既に指摘されていることにわざわざ重ねて叱責するほど、バルドゥールは底意地悪くない。
バルドゥールはすっかり機嫌を損ねたフルトブラントを横目に、ガゼボからぐるりと見渡せる庭園に視線を走らせた。
一貴族の王都屋敷とは思えぬ規模の広大な庭。
元は王家の離宮の一つであった。
それをグリューンドルフ公爵が臣籍降下した際に譲り受け、公爵家王都屋敷としたものだ。広くて当然である。
サークル状の人口池には、黄金の女神の装飾が中央に施されたアーチ橋が架かり。池から引かれた水路は、石畳の下を伝って中央の噴水へと辿り着く。
池と噴水を取り囲む四季折々の花々。
バルドゥールは庭園を駆ける心地よい風を頬に受け、のんびりと休暇を楽しんでいた。
「ブラントお兄様」
凛とした響きに振り返ると、そこには勝ち気な表情で佇む少女がいた。
年の頃は十二、三といったところだろうか。
豊かな波打つ黒髪。長くけぶるような睫毛はくるんと美しいカーブを描き、神秘的なグリーンアイズを縁取る。鼻梁は細くツンと尖った鼻尖まで真っすぐに伸び、ふっくらとした唇は暖かなオレンジブラウンで、口角がきゅっと引き締まり。滑らかでほっそりとした稜線が、こめかみから顎へと繋ぐ。
バルドゥールは吸い込まれるように少女を見つめた。
こんなに美しい少女は見たことがない。
「やあ、アーニャ。どうしたんだ?」
フルトブラントは普段、女性に極めて冷徹な少年だった。だが、その氷のような態度は見る影もなく、デレっと相好を崩している。
その上、少女にかけた声は、砂糖菓子のように甘ったるい。
バルドゥールは少女から目が離せないものの、親友の気色悪い猫なで声に鳥肌が立った。
そしてフルトブラントが少女に呼びかけた、その愛称に引っ掛かりを覚える。
――アーニャだって?
その響きはゲルプ語にはない。
友好国でありながらも現在内戦が勃発し、国家間のあらゆる流通が差し止められているガルボーイ王国。その言語である、ガルボーイ語の響きだ。

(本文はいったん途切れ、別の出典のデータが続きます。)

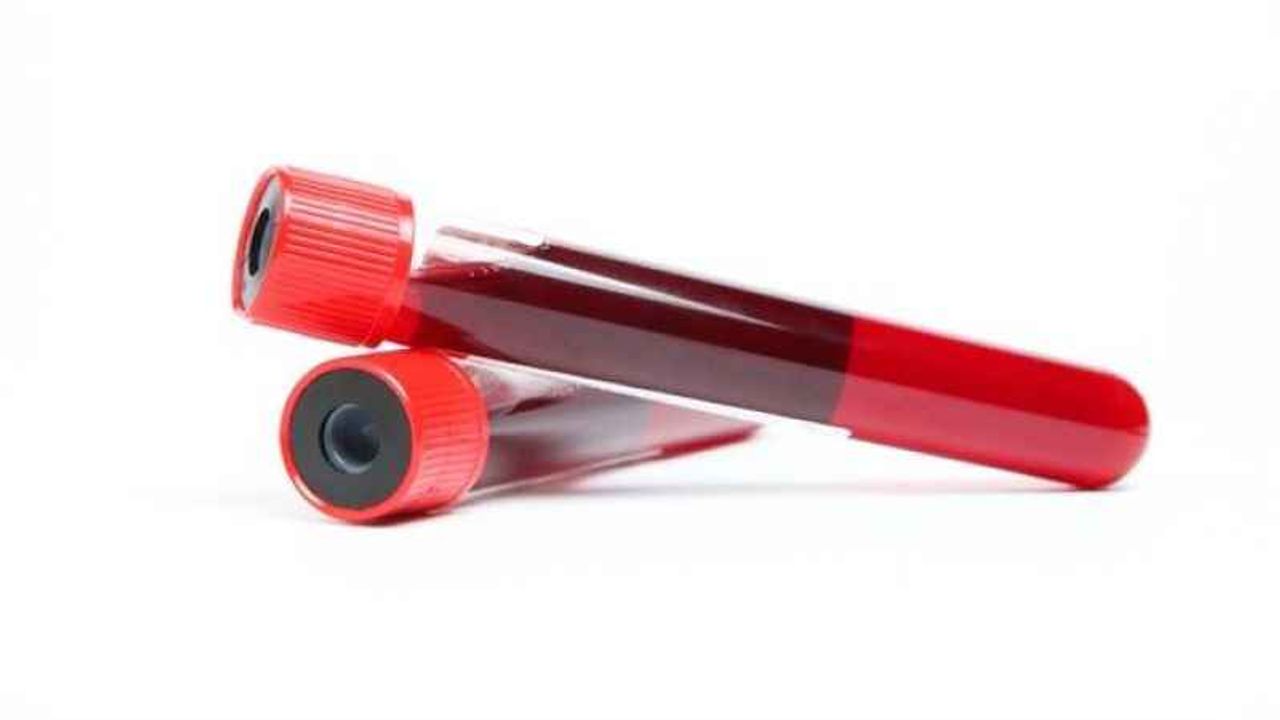 Tahlil sonuçları kaç günde çıkar?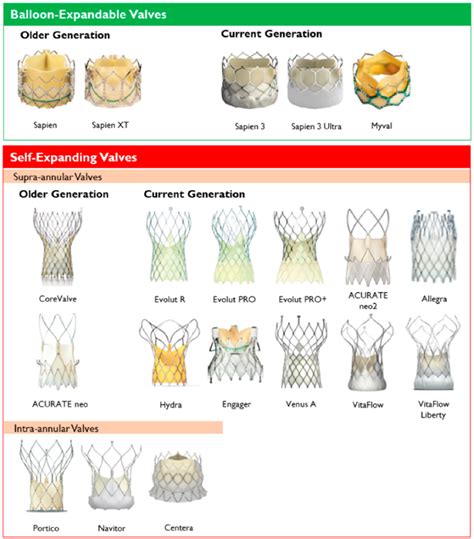 Heart valve simulation shifts the treatment paradigm - StarFish Medical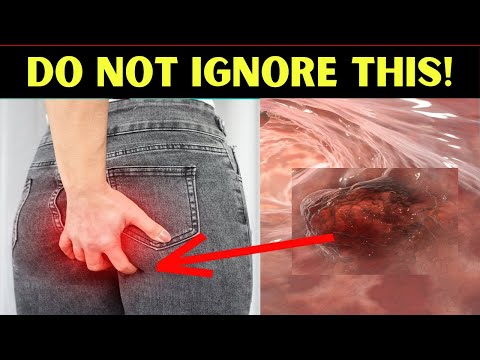 7 Warning Signs of Colon Cancer You Should NEVER Ignore [Video]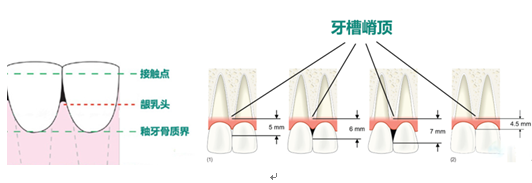 什么是牙齿黑三角?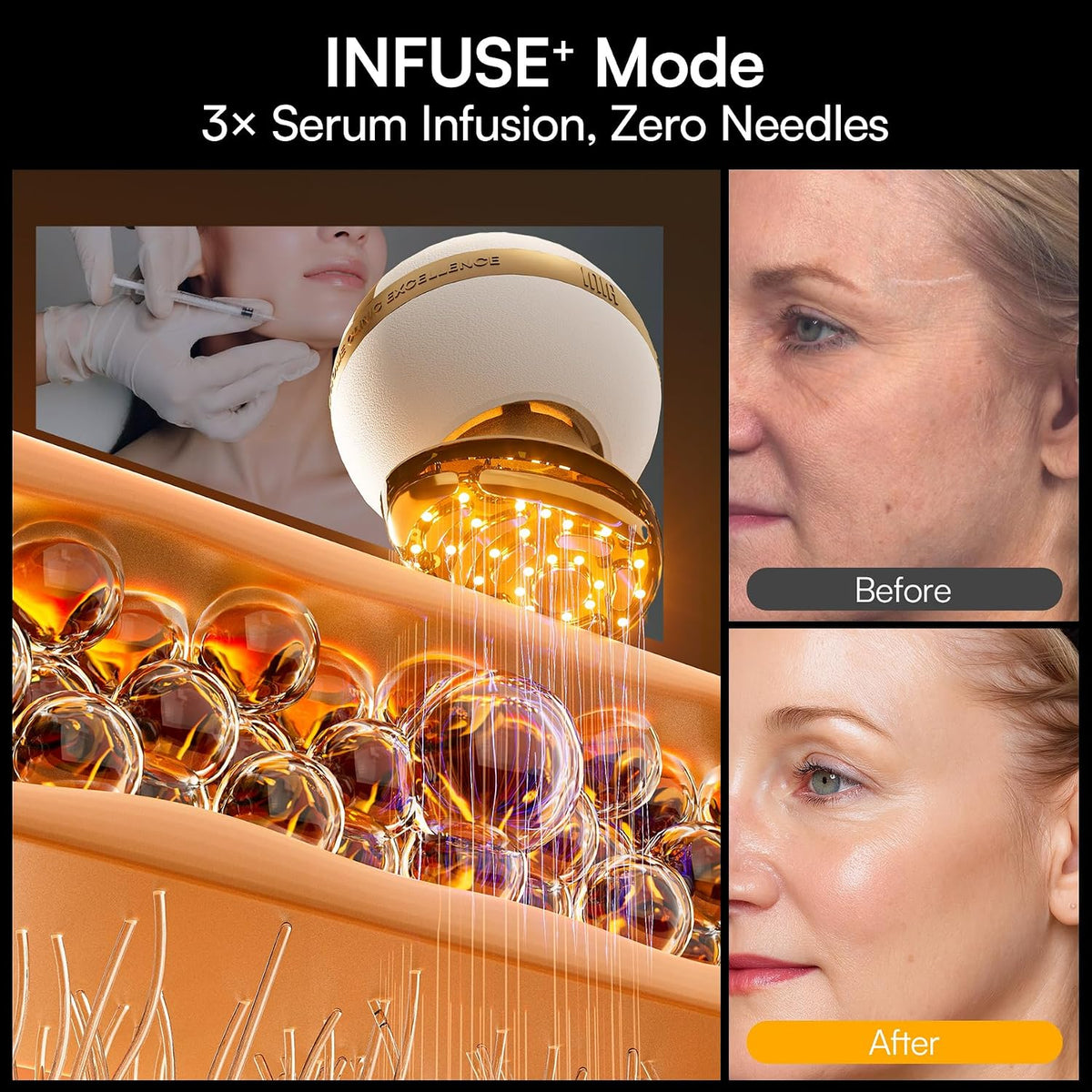 INIA SPHERA - Dispositivo facial de microcorriente 8 en 1 mejorado...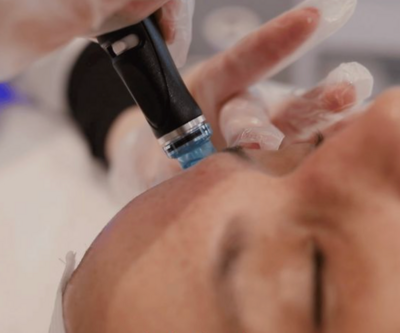 A woman is getting a facial treatment with a machine on her face.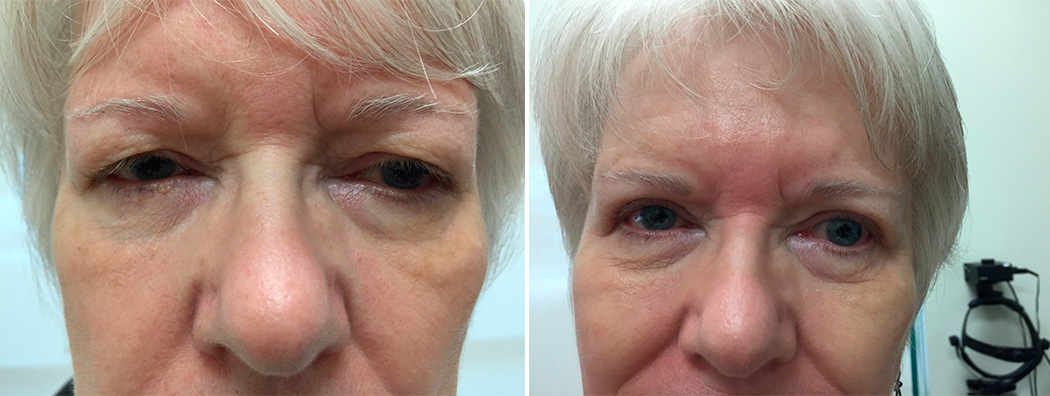 Before & After 1
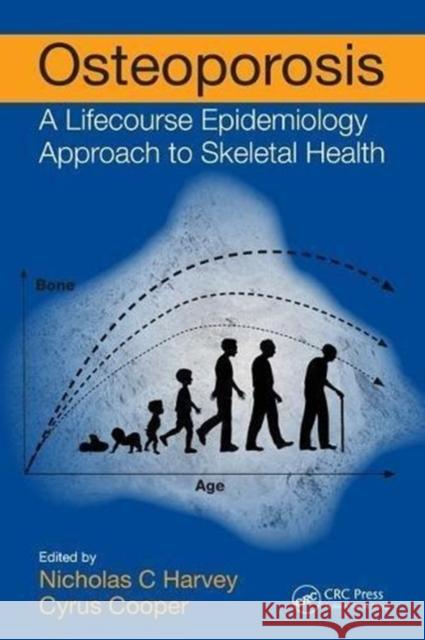 Osteoporosis: A Lifecourse Epidemiology Approach to Skeletal Health Nicholas C. Harvey Cyrus Cooper 9781138196162 CRC Press - książka
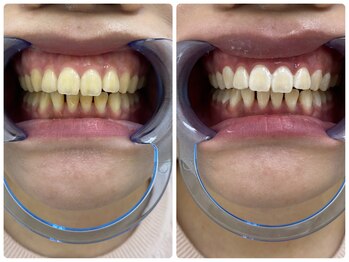 エクシアホワイトニング 日本橋店/ビフォアフ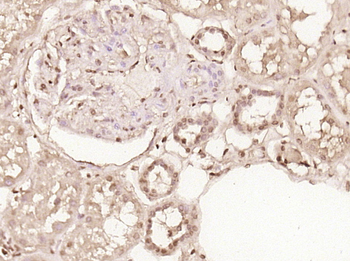 PRMT6 Rabbit Polyclonal Antibody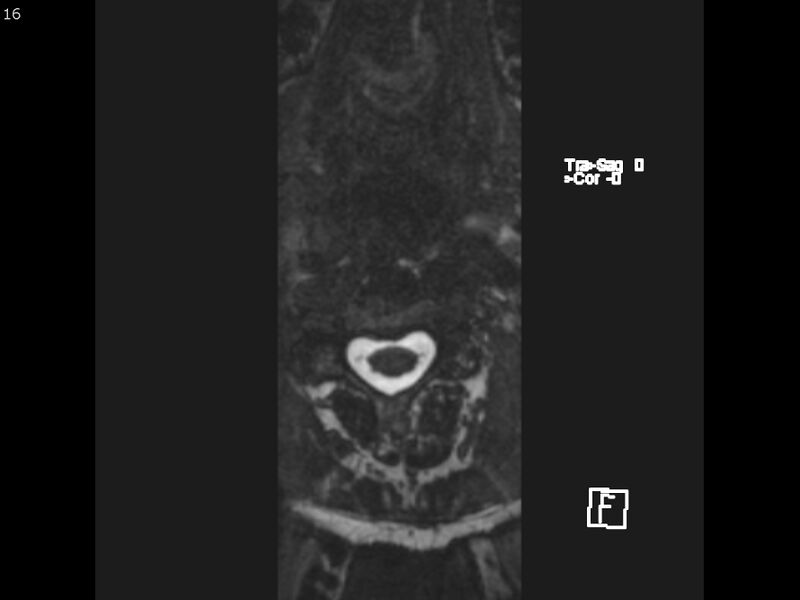 File:Atypical meningioma - intraosseous (Radiopaedia 64915-74572 Axial CISS 16).jpg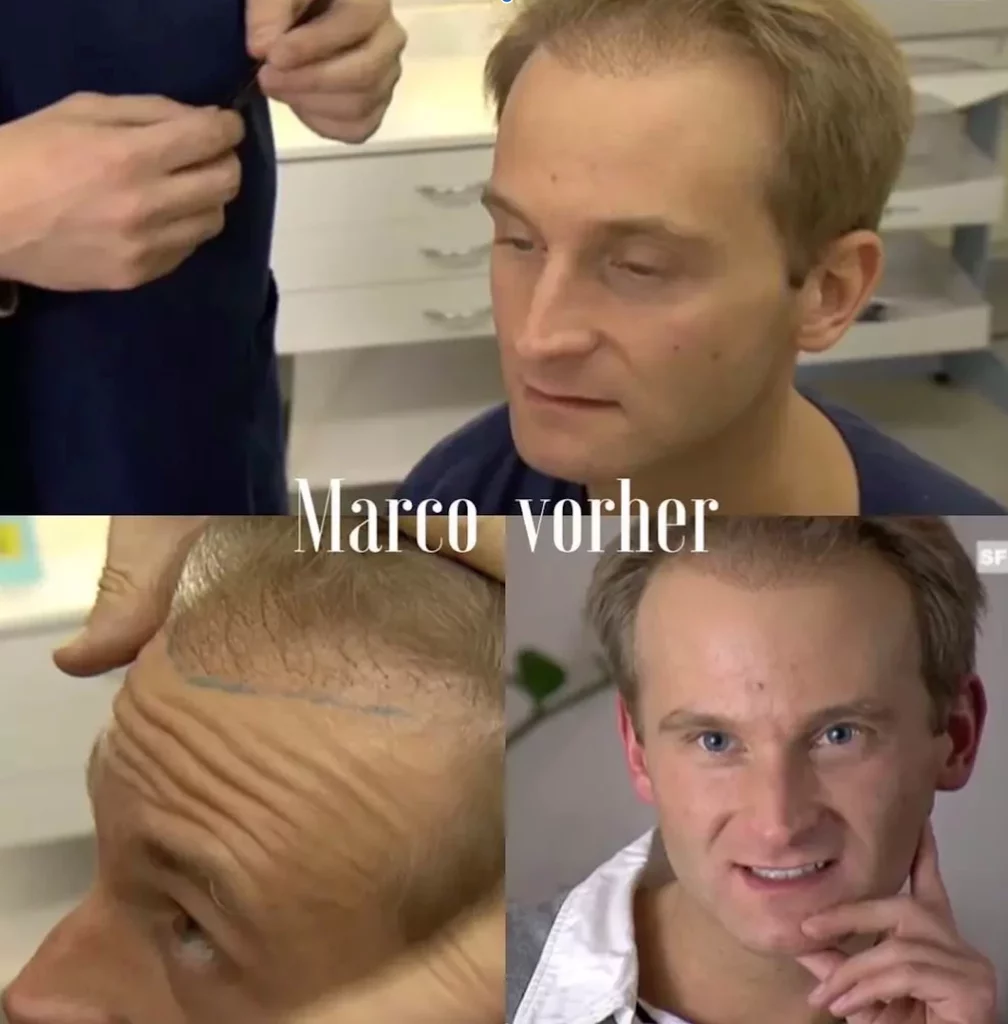 Marco nach verpfuschte Haartransplantation in Deutschland und vor der Pfusch-Korrektur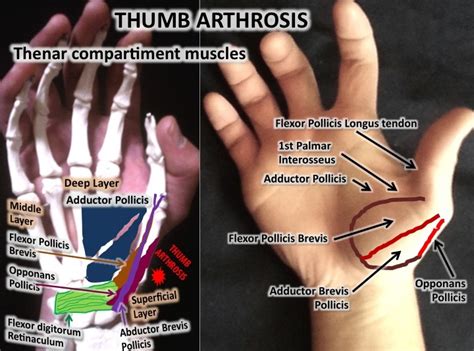 Thumb arthrosis by adhesions: osteopathic treatment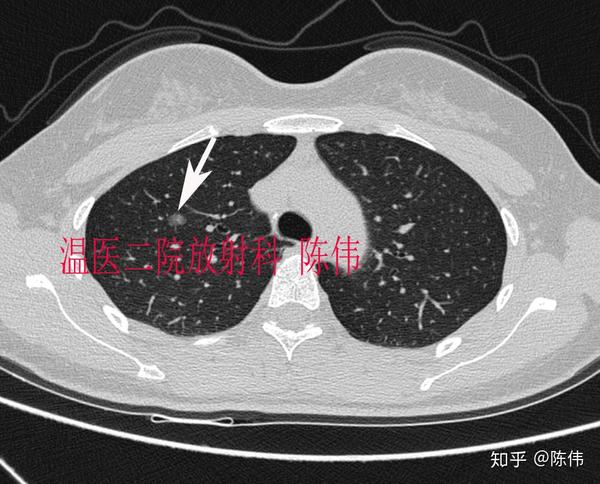 4例肺癌的典型影像学表现
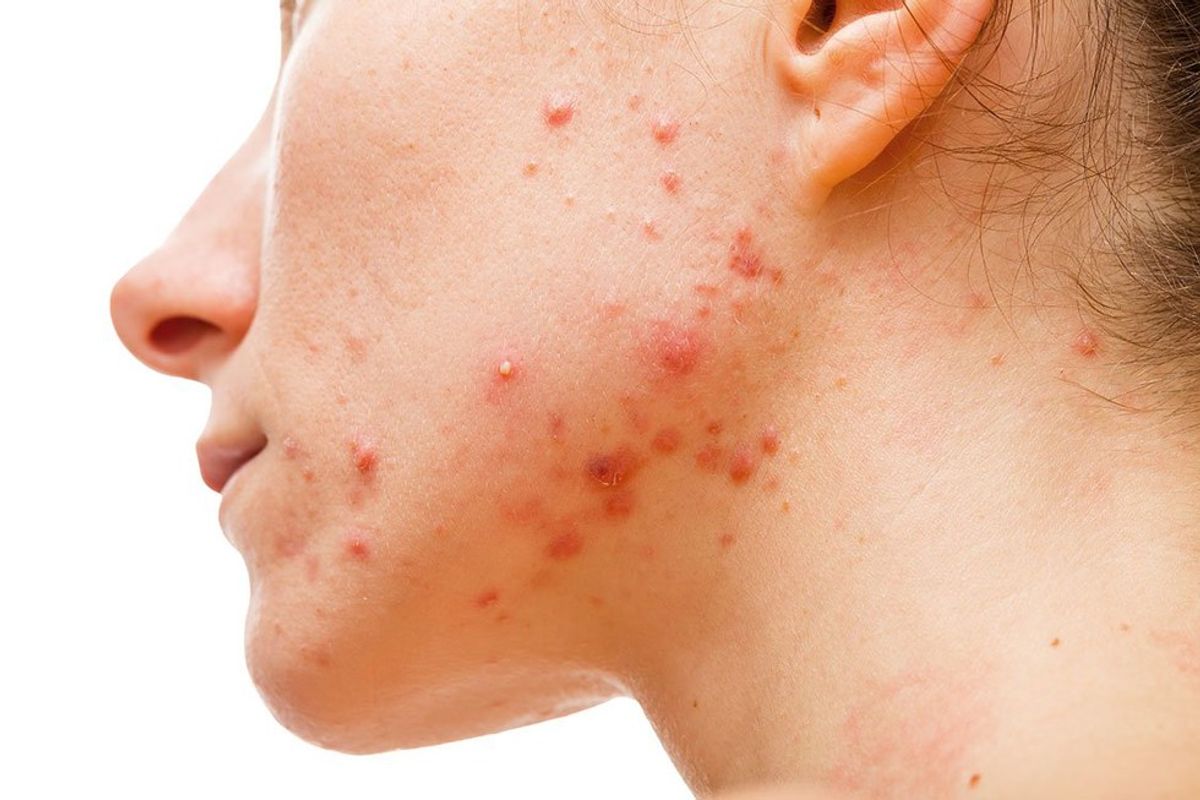 The Struggles Of Dealing With Adult Acne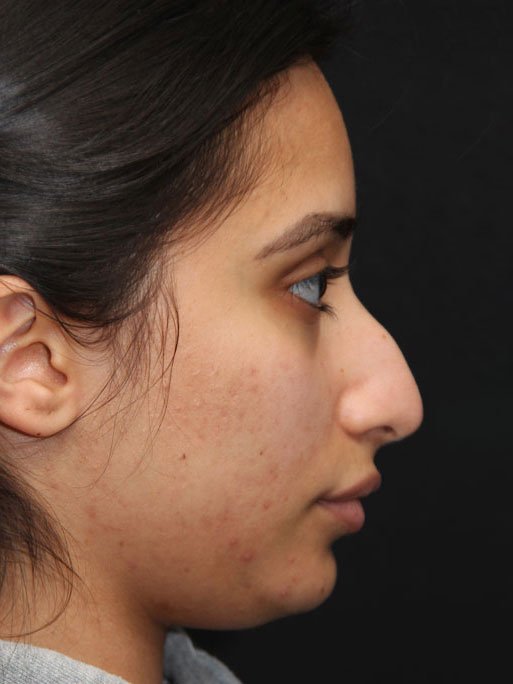 Closed Rhinoplasty Before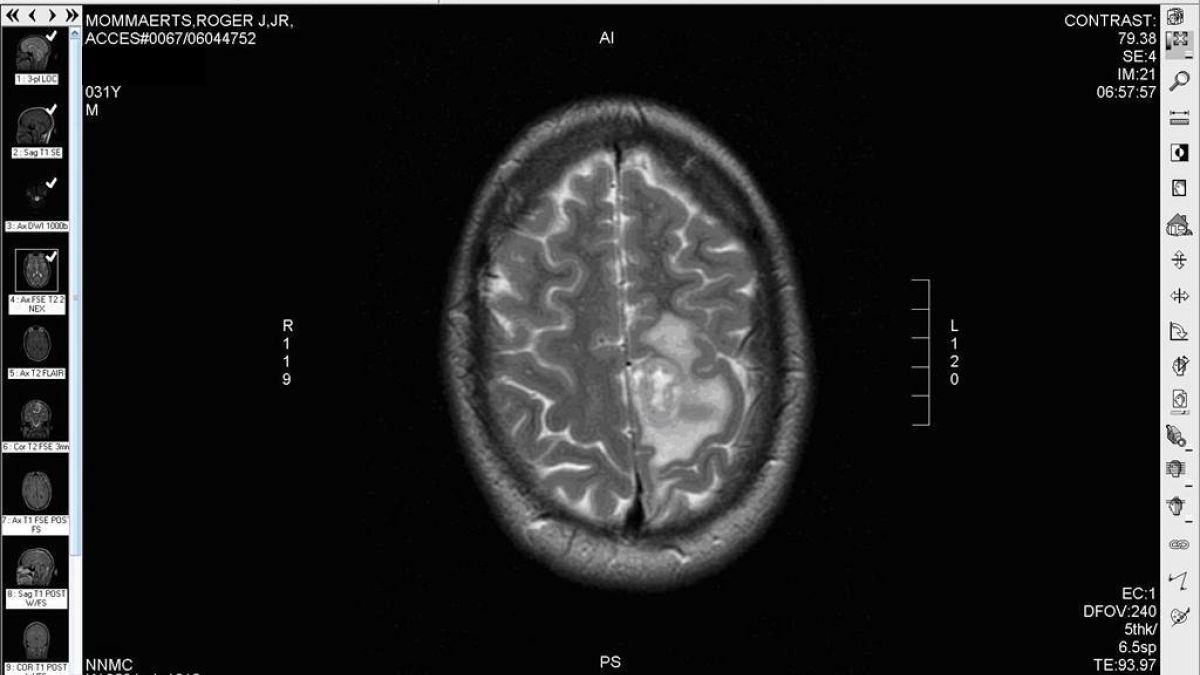 Images from MRI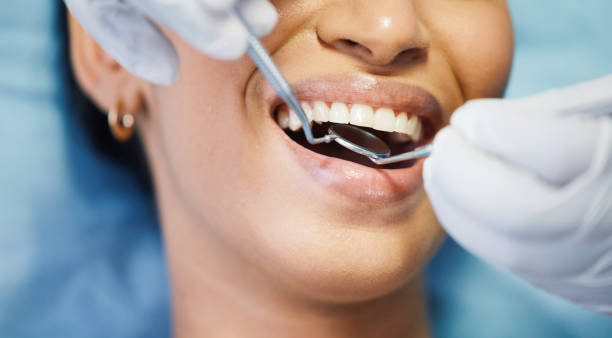 Best Dental Abscess Treatment in Bridgetown, MS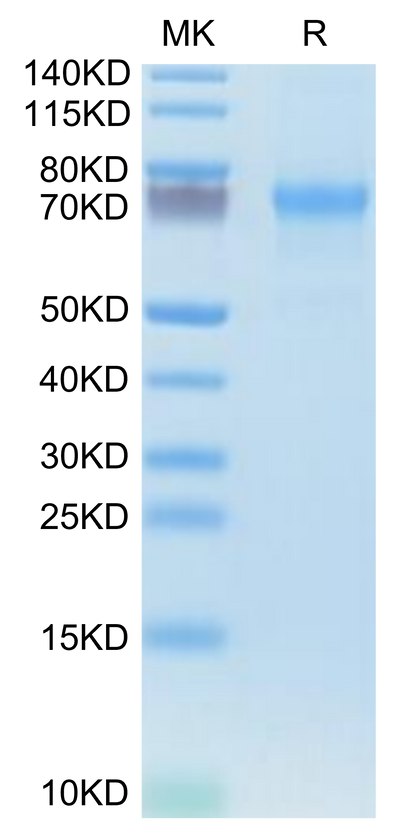 Human CXCL16 on Tris-Bis PAGE under reduced condition. The purity is greater than 95%.Recombinant Human CXCL16 Protein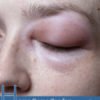 Home Remedies for Angioedema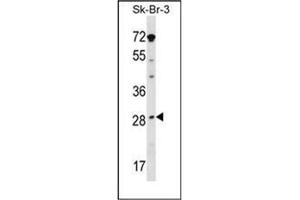 Western blot analysis in SK-BR-3 cell line lysates (35ug/lane) using STAR / STARD1 Antibody (Center) Cat. (STAR antibody  (Middle Region))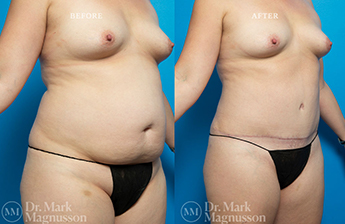 Liposuction – 360 LIPO – Obese - 3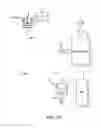 Fig. 02 - Preoperatively planning an arthroplasty procedure and generating a corresponding patient specific arthroplasty resection guide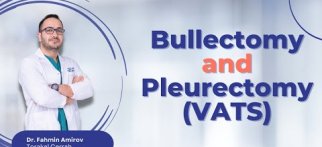 Bullectomy and Pleurectomy (VATS)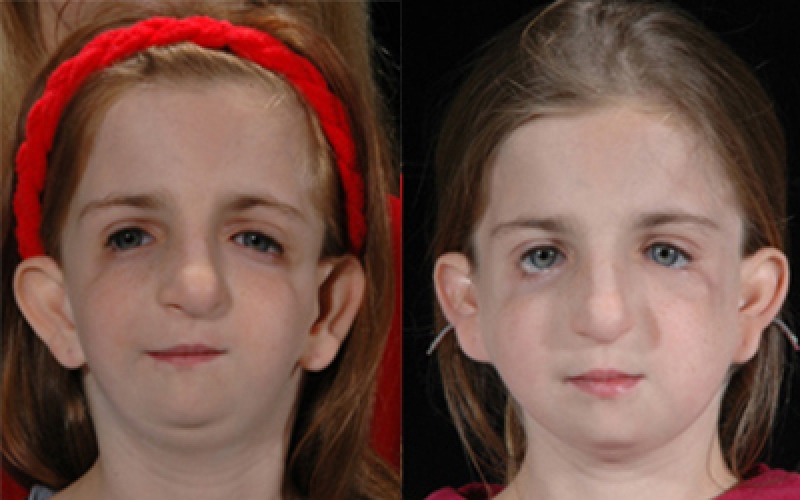 Treacher Collins Syndrome Before & After Pictures Dallas, Plano, TX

「お兄様が珍しくご友人をお連れだと耳にしまして。お兄様のような偏屈な方とお付き合いくださる、お心の広いお方には、是非今後もお兄様のことをお頼みしなくては、と。挨拶に伺った次第ですわ」
少女のあんまりな言い様にフルトブラントは情けなさそうに眉尻を下げる。
「アーニャから見た私は、そんなにへそ曲がりに見えるのか?」
「ええ。わたしにはお優しいですけれど、お兄様の他者への振る舞いは目に余ります」
「それは仕方がない。私にとってアーニャが一等大切なのだからな。アーニャ以外の人間は利を齎すか否かでしかない」
バルドゥールは隣でとんでもないことを言い出す親友兼、従弟兼、臣下の脇を肘で突いた。
「おい、ブラント。僕は一応、君の主になるはずなんだけど?」
するとフルトブラントはようやくその存在を思い出した、というようにバルドゥールを見た。
「いや、バル。私の忠誠は既にアーニャにあるんだ。悪いな」
悪びれもなく言い放つフルトブラントに、バルドゥールは額に手を当てた。
「それを他で言ってくれるなよ。僕は君を不敬罪で捕えたくはない」
苦々しく告げると、アーニャと呼ばれた少女は、目を輝かせてバルドゥールの手を取った。